Emerging as the face of business intelligence (BI), dashboard technology has proven to be an integral component of any enterprise-wide BI strategy. Dashboards allow companies to benefit from a wealth of data and leverage their information assets through visually rich, responsive, and personalized BI indicators. Moreover, through effective BI dashboards, business leaders gain heightened insight into and visibility across the organization, allowing them to detect and solve problems quickly and make informed decisions on the spot.
Specifically, the intuitive presentation provided by dashboards grants users access to vast amounts of data in real-time and in an easily understandable format. This is how dashboards mark the difference between information overload and information insight. Additionally, dashboards create an interactive platform for visual examination and root-cause analysis, as this BI tool provides live drill-downs within the dashboard.
The end result: businesses are able not only to meet changing business demands but also to get live feedback on the performance and health of the organization. They gain better understanding of the impacts from a complex set of business factors - both external and internal. Such success has revealed itself in a variety of business sectors including healthcare, manufacturing, financial services, insurance, services, technology, government and non-profit organizations.
Despite the myriad benefits currently servicing customers in a wide range of industries, there’s more to come: the buzz about dashboards is making its mark and popularity is growing. This great surge of interest will significantly enhance data visualization and presentation, which in turn will result in far-reaching, positive effects on our lives. Having participated in the dashboard movement in its beginning stages, and thus witnessing this concept grow from its infancy since 2001, I am perplexed by the unanswered question - what does the future hold for dashboards?

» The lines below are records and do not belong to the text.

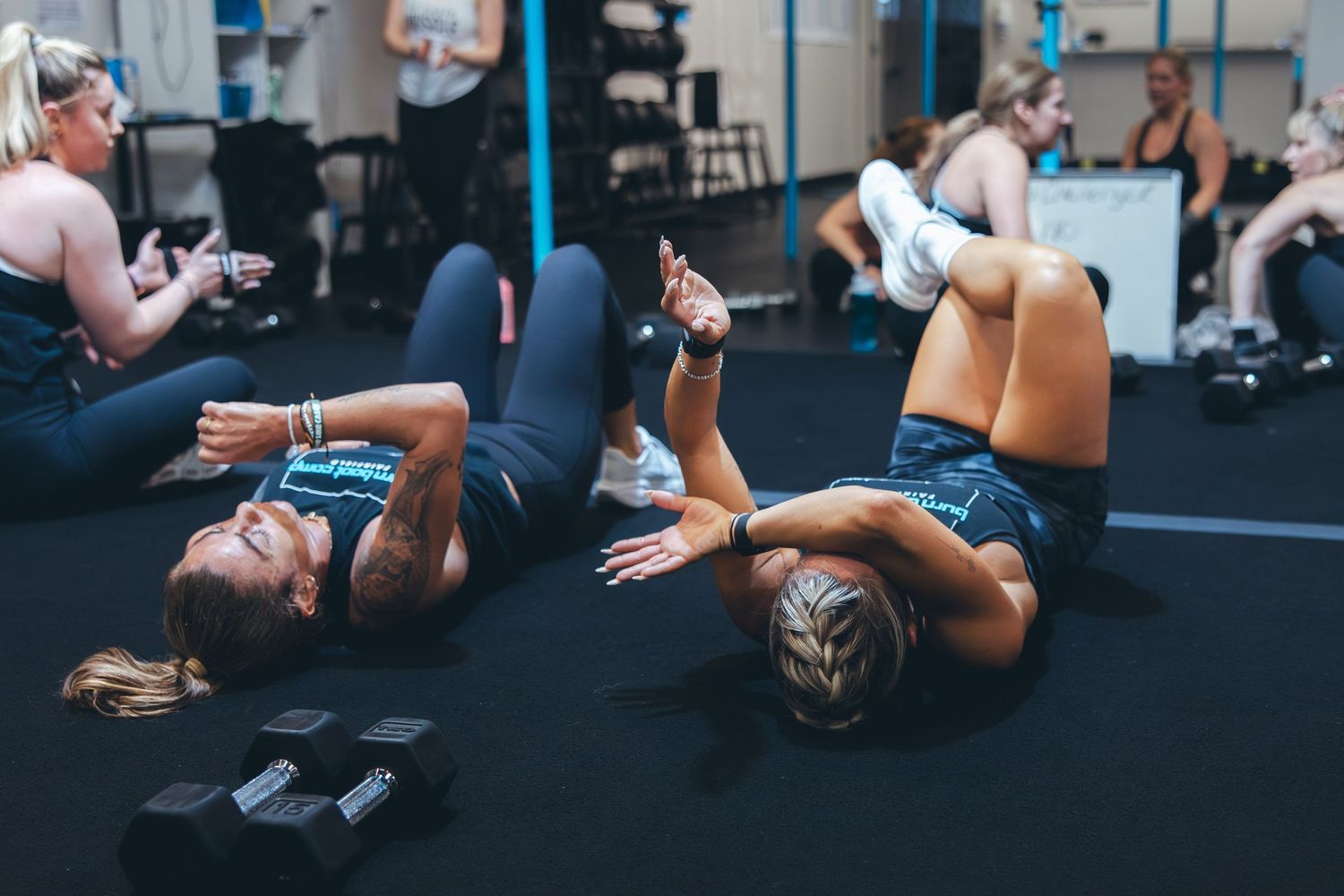 Athletes lying on gym floor doing core exercises with dumbbells during group workout.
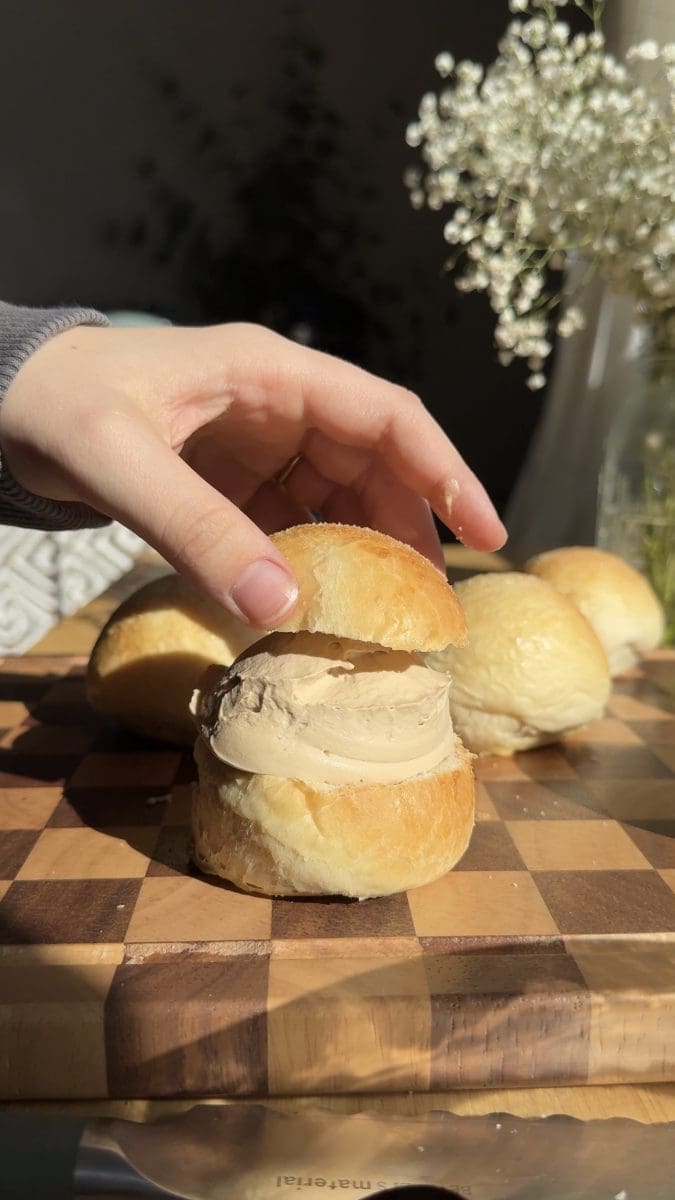 Topping the bun with the other half after filling it with cream.
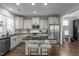 Well-lit kitchen featuring stainless steel appliances, a kitchen island with seating and dark granite countertops at 43 Quarter Gate Trce, Chapel Hill, NC 27516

In short, the future is bright. There is fierce competition in this space; vendors are trying to outwit one another in developing creative dashboard solutions, resulting in vendors pushing the envelope of possibilities and design of dashboards.
Consider the ubiquitous dashboard element, the speedometer. The current speedometer design helps convey the relative value of a metric with respect to a pre-defined set of thresholds, all at a glance (see Figure 1). Future speedometers will have greater customization capabilities. What if you love your favorite SUV or sporty convertibles’ speedometer so much so that you want to customize your dashboard to show a similar look on your desktop? Dashboards of the future will help you easily accomplish that with different “presentation skins.” Therefore, expect all sorts of user-pleasing customization capabilities in the future.

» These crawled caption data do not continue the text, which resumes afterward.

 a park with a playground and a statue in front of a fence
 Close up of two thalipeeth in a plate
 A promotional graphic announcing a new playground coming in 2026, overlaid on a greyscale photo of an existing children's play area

Figure 1 – Examples of current dashboard speedometers (Courtesy: iDashboards)
What about interactivity and animation? A look into the future shows rich media animation and interesting effects of computer games lending ideas to the serious business of dashboards. The speedometer needles will deflect and traffic lights will blink, all in real-time and in tandem with changing data. Moreover, users will enjoy a virtual reality of exploring through large amounts of data - rotating data axes, 3D charts, drilling-down into maps and exploring complex connections between a set of inter-dependent variables.
Drag and drop user experience will get better, too. Most of the current dashboard interfaces require a well-trained and semi-technical user to build a dashboard. However, dashboards of the future will not require such skills. Instead, a business user with simple spreadsheet concepts will be able to design effective dashboards because the design elements will be more intuitive and user-friendly.

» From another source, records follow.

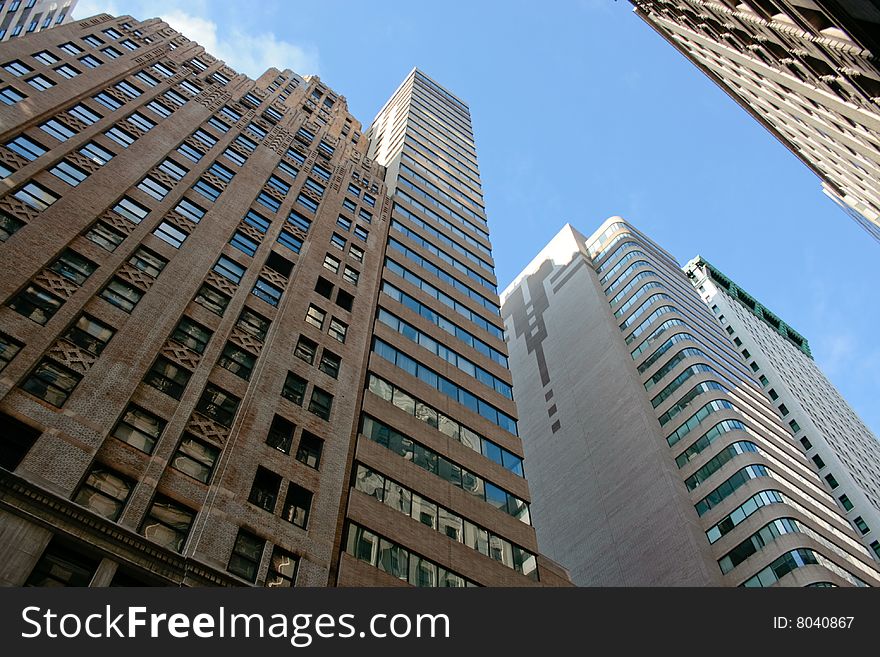 Picture of different office buildings and a blue sky. Picture of different office buildings and a blue sky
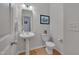 Bathroom featuring a pedestal sink, decorative mirror, and modern fixtures, offering a clean and functional design at 4306 Brynwood Ave, Durham, NC 27713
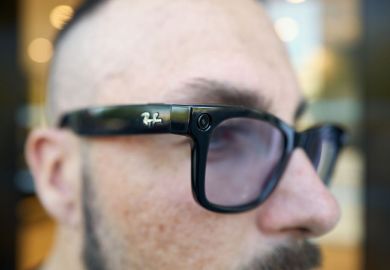 A man wears Google smart glasses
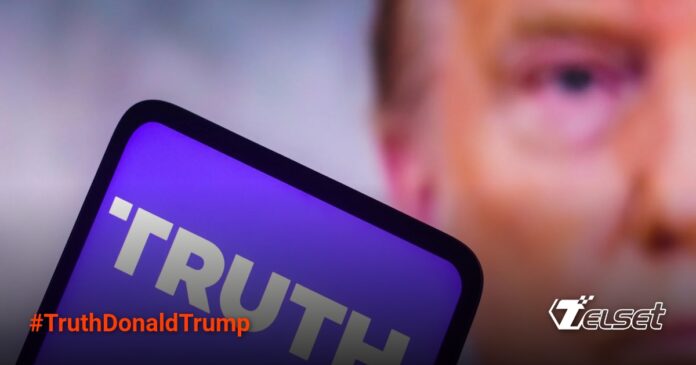 Truth+ Milik Donald Trump: Surganya Teori Konspirasi dan Konten Religi Ekstrem Truth Social logo appears on a smartphone in front of Donald Trump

“Pretty, but dumb” is how some of the existing dashboards have been perceived, but dashboards are getting smarter. For example, analytics will play a role as there will be built-in capabilities to perform “what-if” analysis and forecasting.
Compliance and risk management are becoming mainstream and downstream. Dashboards are increasingly viewed as a collaborative platform to tackle these two major corporate challenges. Most of the existing dashboards fall short of delivering an effective solution in this area. However, future dashboards will be well equipped to meet this challenge: expect to see discussion threads seamlessly tied into the display within a dashboard. When you see a yellow light on the dashboard, you could post corrective action updates. This will also become a permanent record for the future and address regulatory compliance issues.
Additionally, “management by exception” will not be merely a sound-byte for management consultants, nor will Business Activity Monitoring (BAM); rather, dashboards of the future will be a serious facilitator of these concepts and will transform these concepts into action. Visual and email alerts will be intricately tied to the dashboard displays.
These capabilities that will be available in the future are developing in conjunction with current trends and demands within the technology and business realms. As the iPod age takes hold, options for display devices have expanded. The trend of advanced displays is becoming ever more evident as we see Microsoft’s emphasis on rich visual capabilities within the Vista operating system, Adobe’s enhancement to its Flash platform, and Apple’s leading delivery of next generation graphical user-interface for the personal digital assistants (PDAs). Dashboards will advance in similar displays, too; specifically, this evolution will result in miniaturization of user-interfaces optimized for palm-sized dashboards. In short, we can rest assured that visual experience and business value of future dashboards are accelerating at a great speed.
Finally, as data integrity and accuracy continue to be an ongoing pursuit for most companies, dashboards will continue to be a valuable asset in the future. These added benefits, and a result of businesses cleansing their data warehouses and reinforcing enhanced data integrity measures, will only improve the adoption of dashboards as the most-trusted source of information. Dashboards have just begun their debut of success: there’s much more to come.